**** The data ****
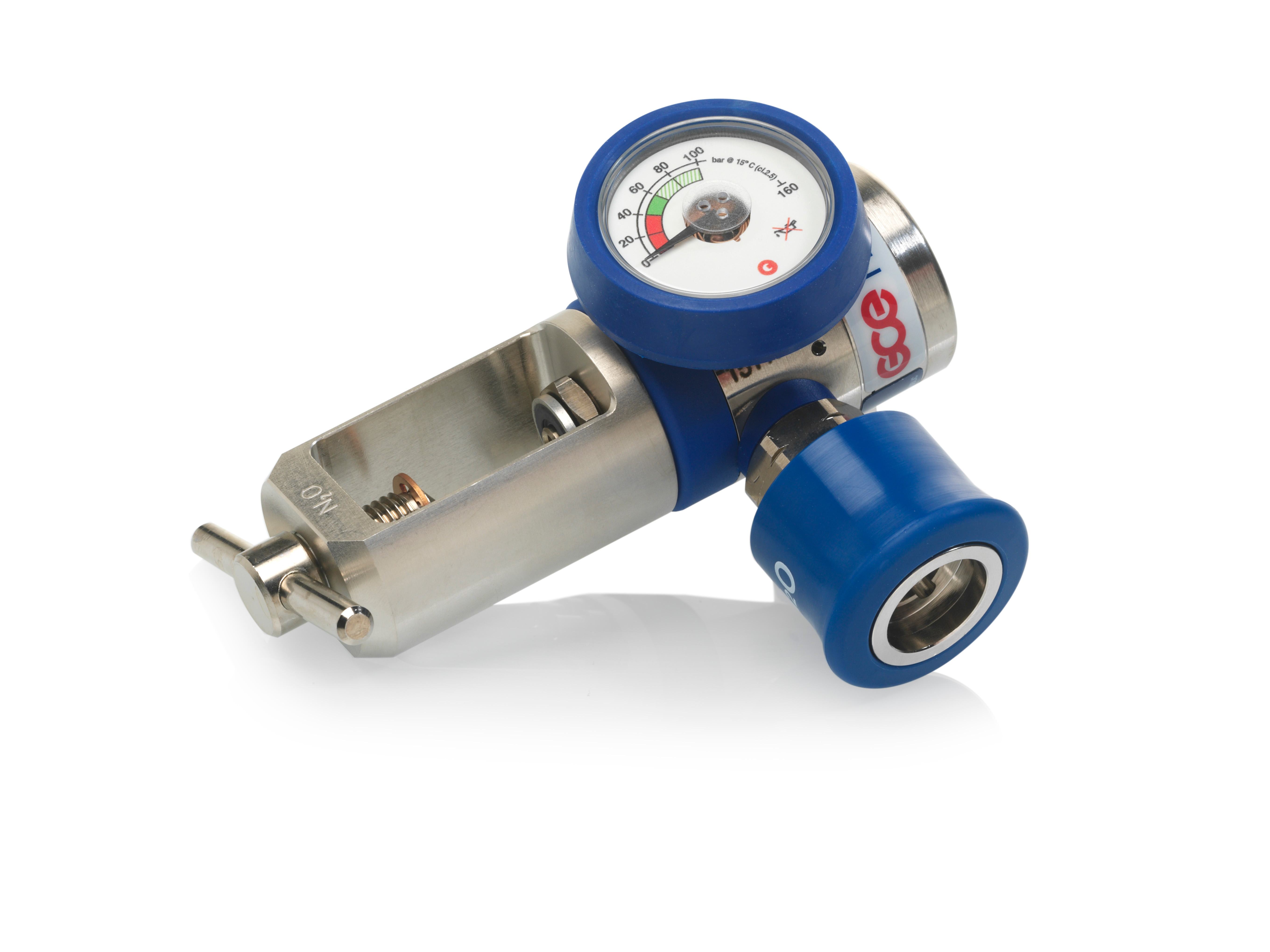 Nitrous oxide pressure reducing valve 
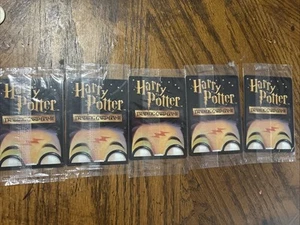 5 Harry Potter Trading Card Game Movie Promo Cards New Sealed - Picture 1 of 5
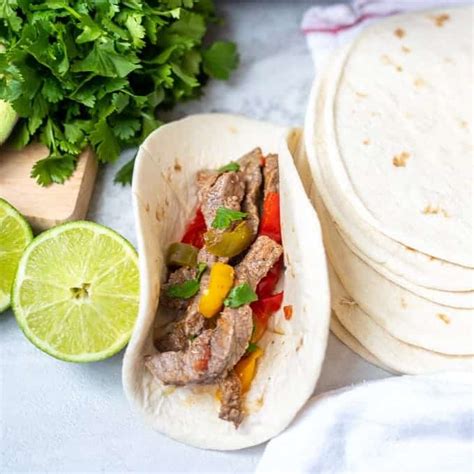 Instant Pot Steak Fajitas Recipe Cart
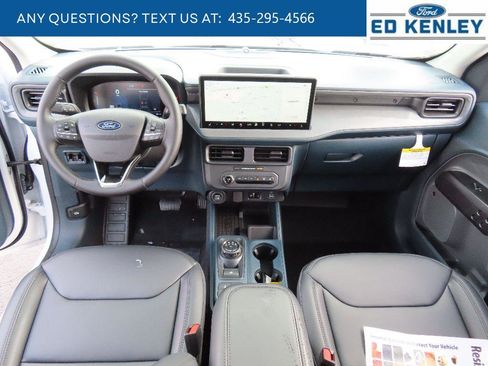New 2025 Ford Maverick Lariat w/ Black Appearance Package AWD/4WD image 9
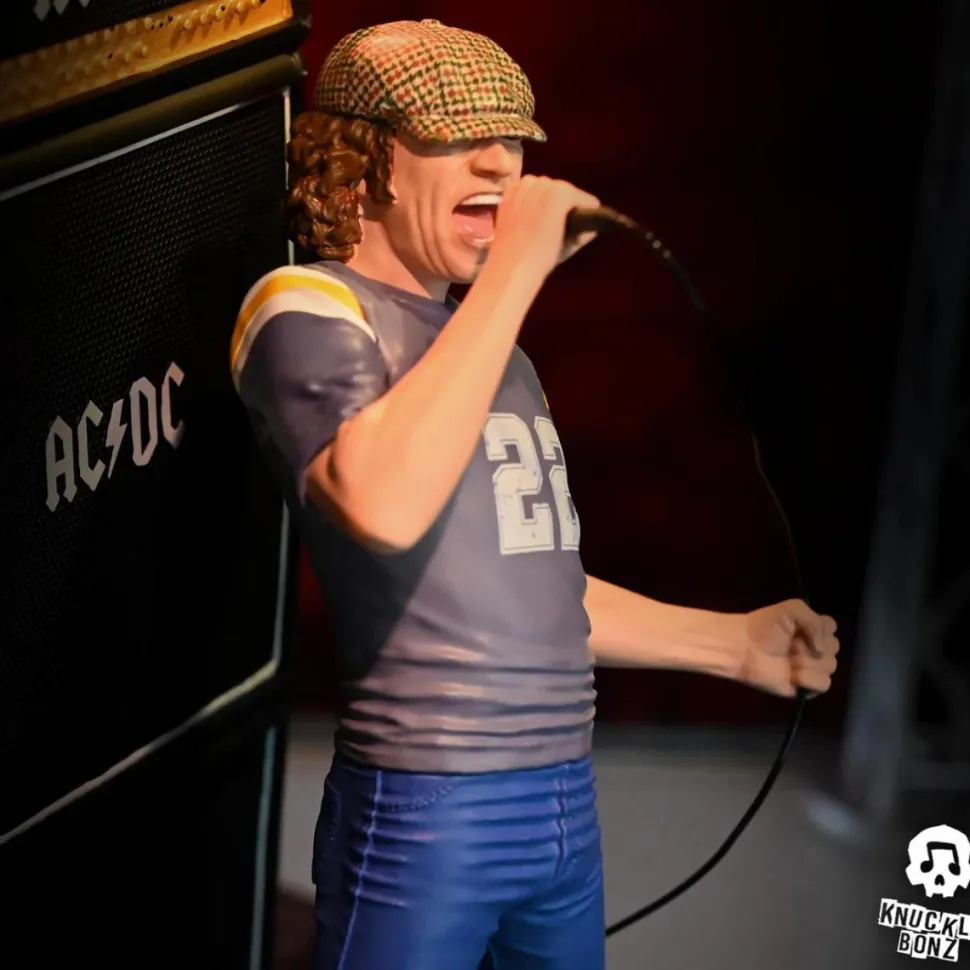 AC/DC - Brian Johnson Rock Iconz 1/9th Scale Statue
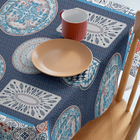 Toalha Mesa Plástica Térmica Colonial Por Metro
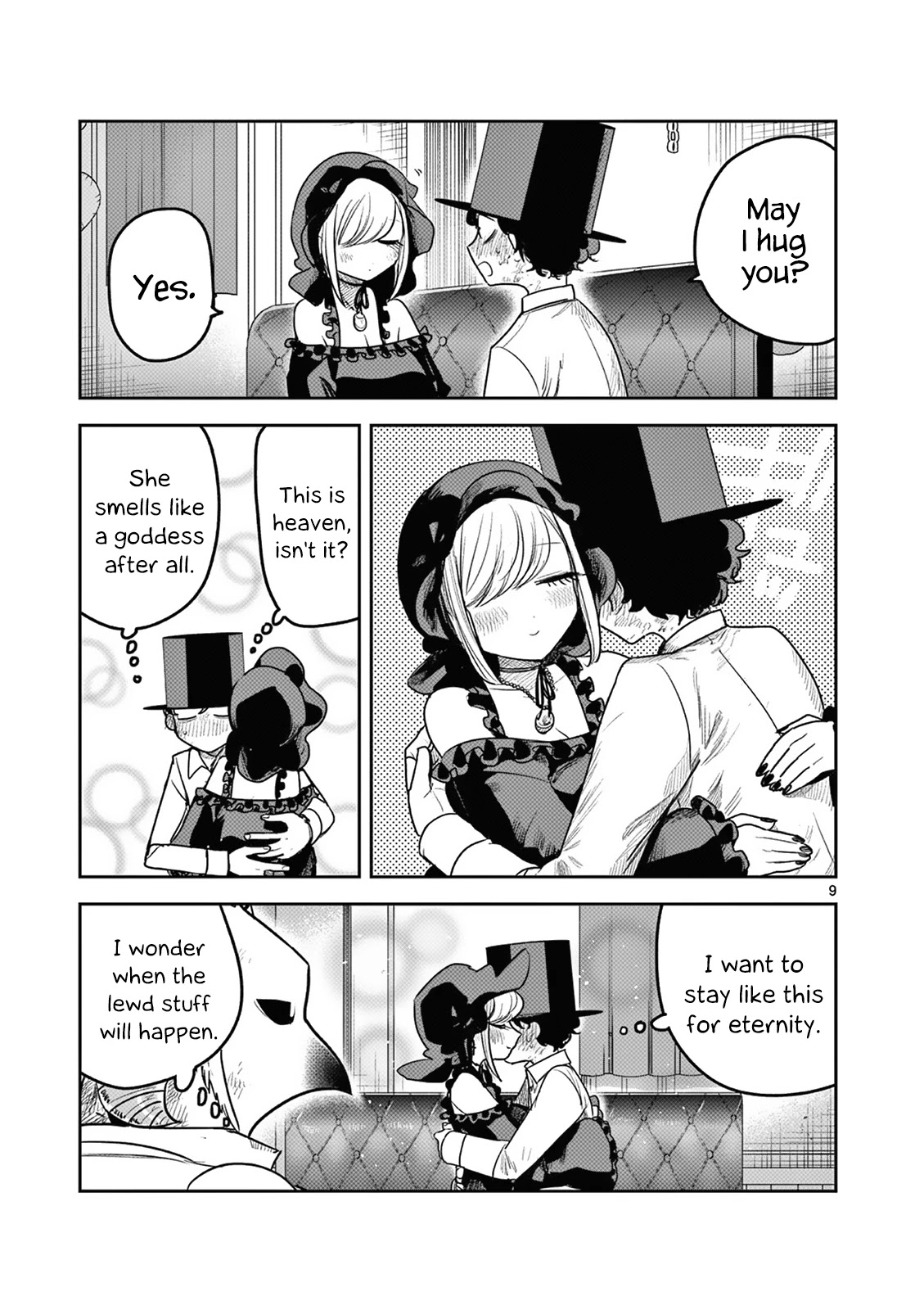 The Duke of Death and his Black Maid Chapter 216 page 9 - Chapter 216: Celebration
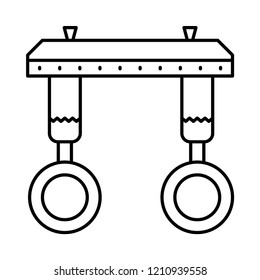 gymnastic  ring  athelete 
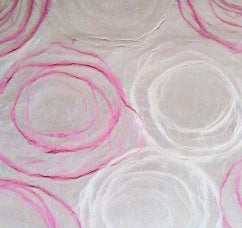 Thai Pulp Ringlet Pink/White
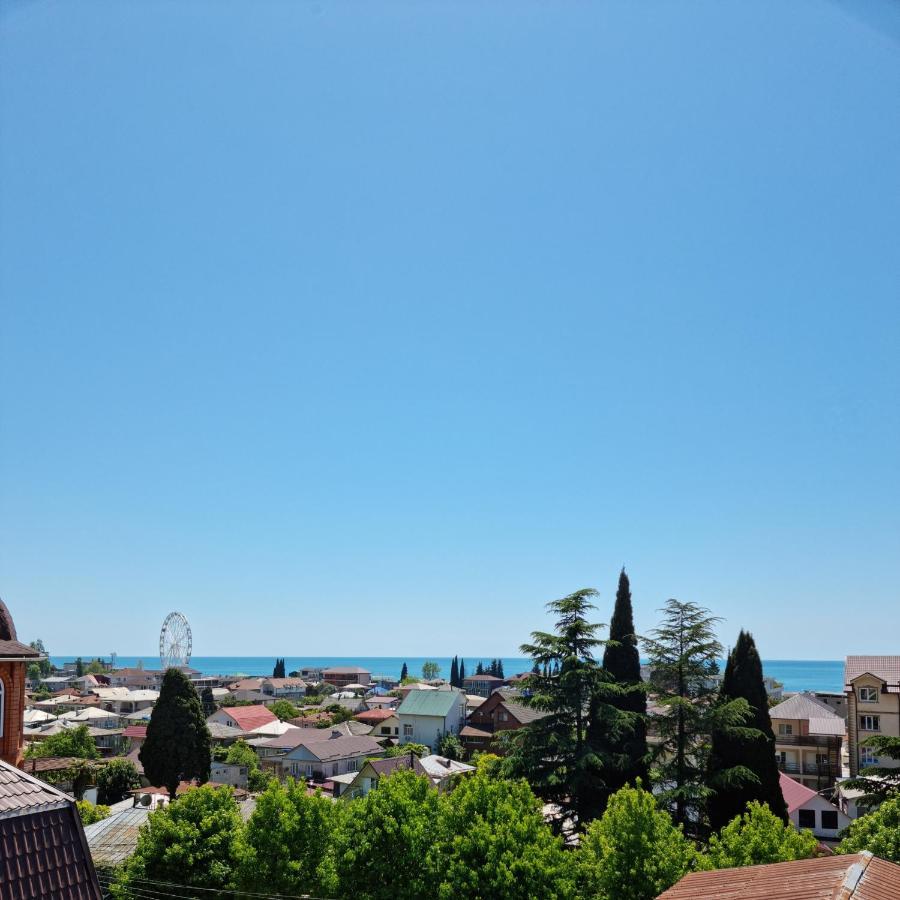 Nobi Guest House Гагра Екстер'єр фото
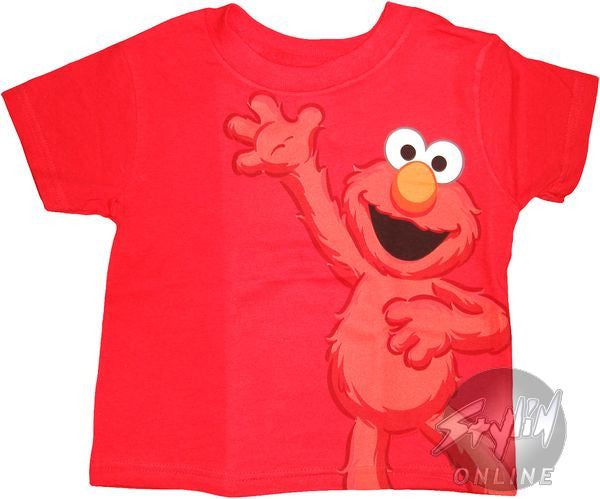 Sesame Street Elmo AO Kids T-Shirt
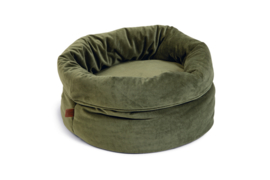 DBL Kattenmandje Fluco groen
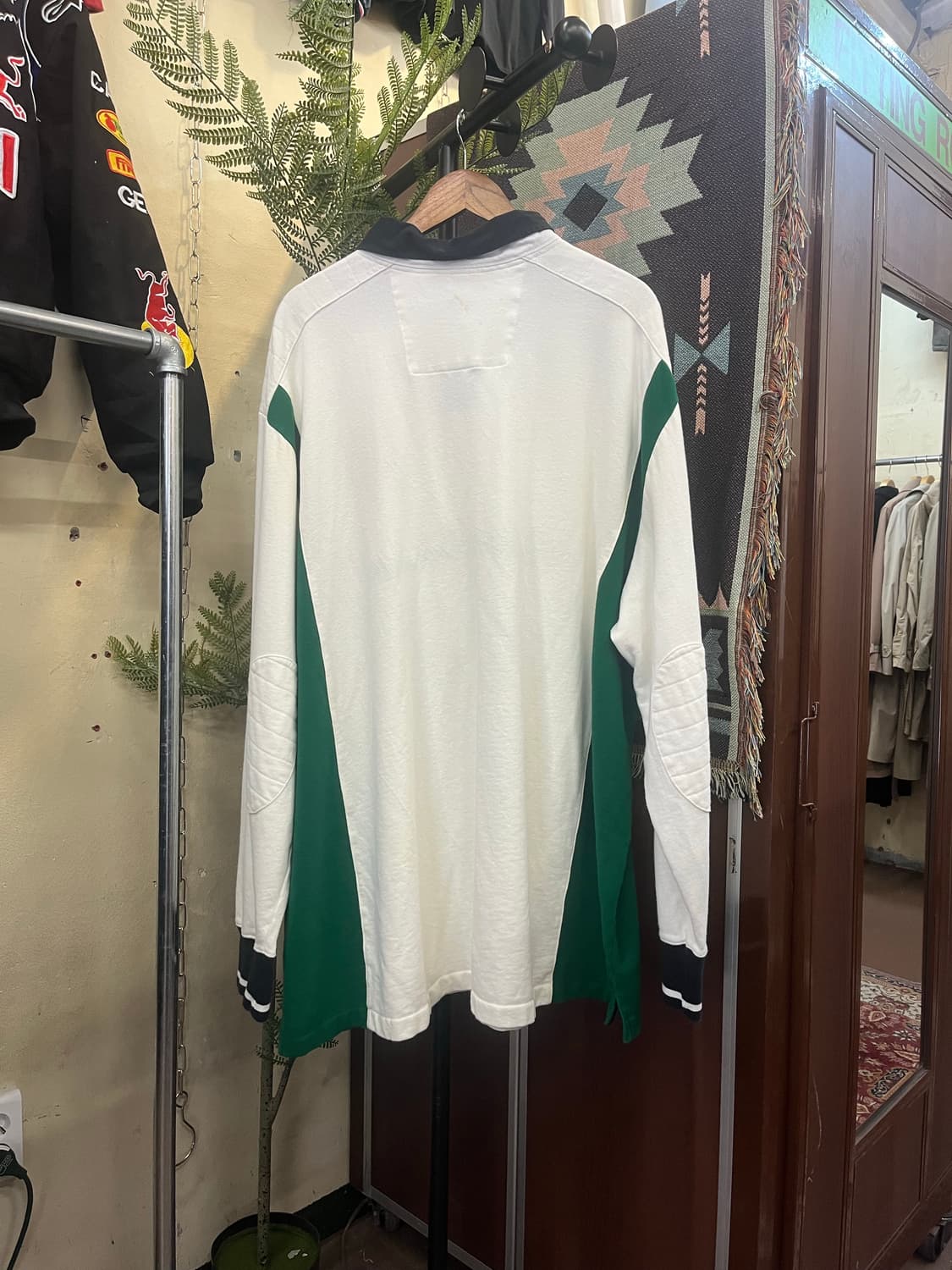 폴로 랄프로렌 스위스 생모리츠 2012 월드컵 온 스노우 럭비 긴팔 셔츠 상품이미지2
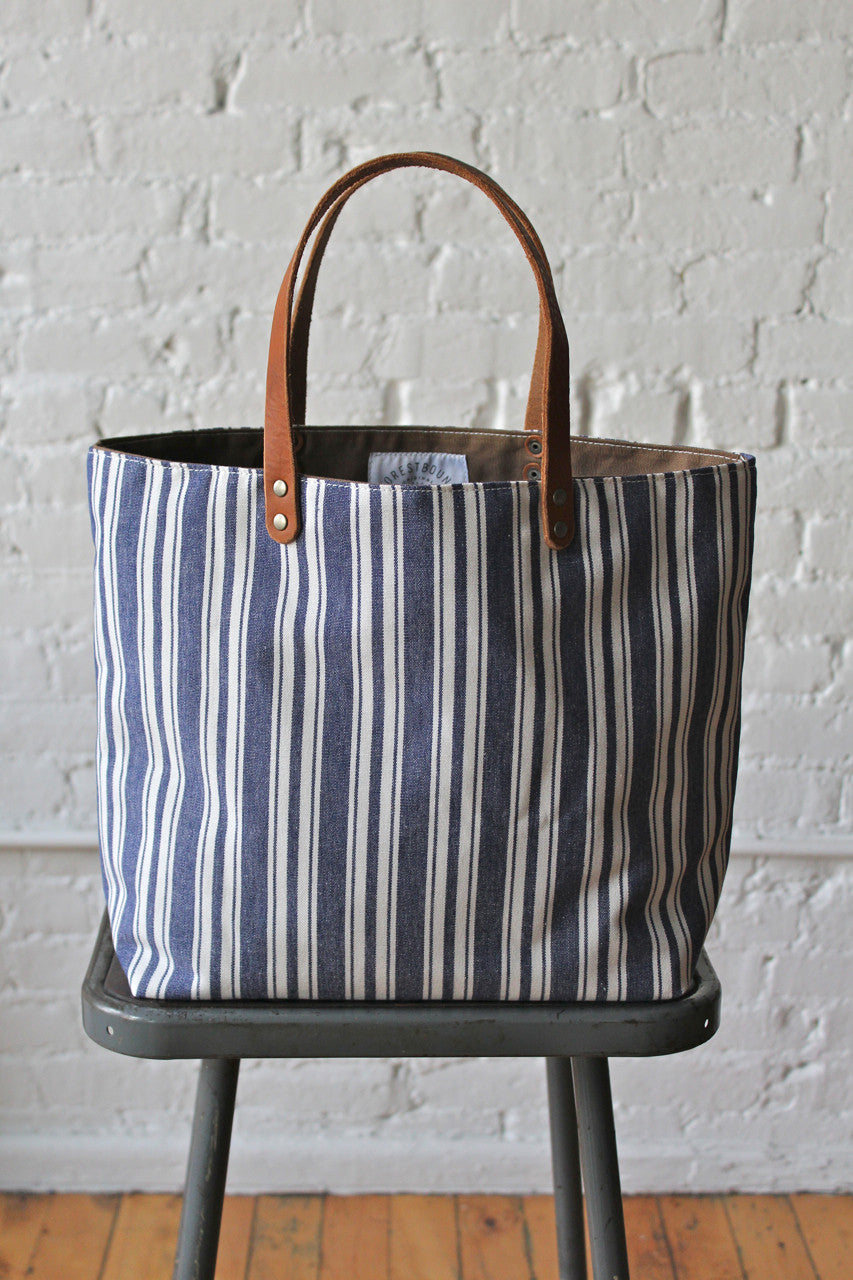 Liberty Stripe Cotton Tote Bag – FORESTBOUND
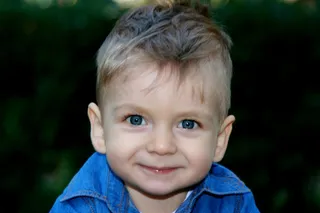 男孩，儿童，微笑，蓝眼睛，婴儿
****
▸ How to complete this task: Every line above should be repeated exactly; pictures stay out of the copy.

▸ Expected answer:
 Nitrous oxide pressure reducing valve 
 5 Harry Potter Trading Card Game Movie Promo Cards New Sealed - Picture 1 of 5
 Instant Pot Steak Fajitas Recipe Cart
New 2025 Ford Maverick Lariat w/ Black Appearance Package AWD/4WD image 9
 AC/DC - Brian Johnson Rock Iconz 1/9th Scale Statue
 Toalha Mesa Plástica Térmica Colonial Por Metro
 The Duke of Death and his Black Maid Chapter 216 page 9 - Chapter 216: Celebration
 gymnastic  ring  athelete 
 Thai Pulp Ringlet Pink/White
 Nobi Guest House Гагра Екстер'єр фото
 Sesame Street Elmo AO Kids T-Shirt
 DBL Kattenmandje Fluco groen
 폴로 랄프로렌 스위스 생모리츠 2012 월드컵 온 스노우 럭비 긴팔 셔츠 상품이미지2
 Liberty Stripe Cotton Tote Bag – FORESTBOUND
 男孩，儿童，微笑，蓝眼睛，婴儿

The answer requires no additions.